Grouping code by indentation - feature or ******?
Myles Strous
myles at geocities.com
Wed Mar 30 01:08:04 EST 2005
Javier Bezos wrote:
> "Jacob Lee" <jelee2 at .edu> escribió en el mensaje
> > satisfy some handy properties, the first of which being:
> > l[:n] + l[n:] = l
>
> I don't think l[:5] + l[5:] = l is a handy property
> and to me is clearly counterintuitive.
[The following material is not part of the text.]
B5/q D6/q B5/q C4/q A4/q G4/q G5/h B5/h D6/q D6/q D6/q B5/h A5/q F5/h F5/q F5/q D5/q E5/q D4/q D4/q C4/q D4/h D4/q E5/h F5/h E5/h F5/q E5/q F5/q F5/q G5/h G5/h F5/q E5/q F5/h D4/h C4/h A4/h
Further,
It can be quite useful for inserting something into a list (or string),
after finding the position where you wish to insert it.
improvedList = l[:n] + [new stuff] + l[n:]
I'm very fond of Python's slice indexing - it makes a number of things
fairly easy, for example:
myList[:N] # first N items
myList[-N:] # last N items
myList[start:start+N] # N items, from start position
# chunk a list into smaller lists (or strings into smaller strings)
# (thanks to Thorsten Kampe for the original example)
def chunky(sequence, N):
for i in range(len(sequence)/N + bool(len(sequence) % N)):
print sequence[i*N:(i+1)*N] # no off-by-one errors here :-)
myList = [0, 1, 2, 3, 4, 5, 6, 7, 8, 9]
N = 3
chunky(myList, N)
which returns:
[0, 1, 2]
[3, 4, 5]
[6, 7, 8]
[9]
Note you can leave out the bool part if you don't want that partial
chunk at the end.
I vaguely remember hearing at one stage that the
sequence[position:position+length] notation is also potentially useful
for indexing into large strings or buffers.
Alex Martelli stated back in 2001, when this issue was previously
discussed:
> it IS just an extension of what Koenig
> explains in his book "C Traps and Pitfalls", about how
> always using half-open ranges helps avoid off-by-one
> errors that otherwise tend to plague programs.
Regards, Myles.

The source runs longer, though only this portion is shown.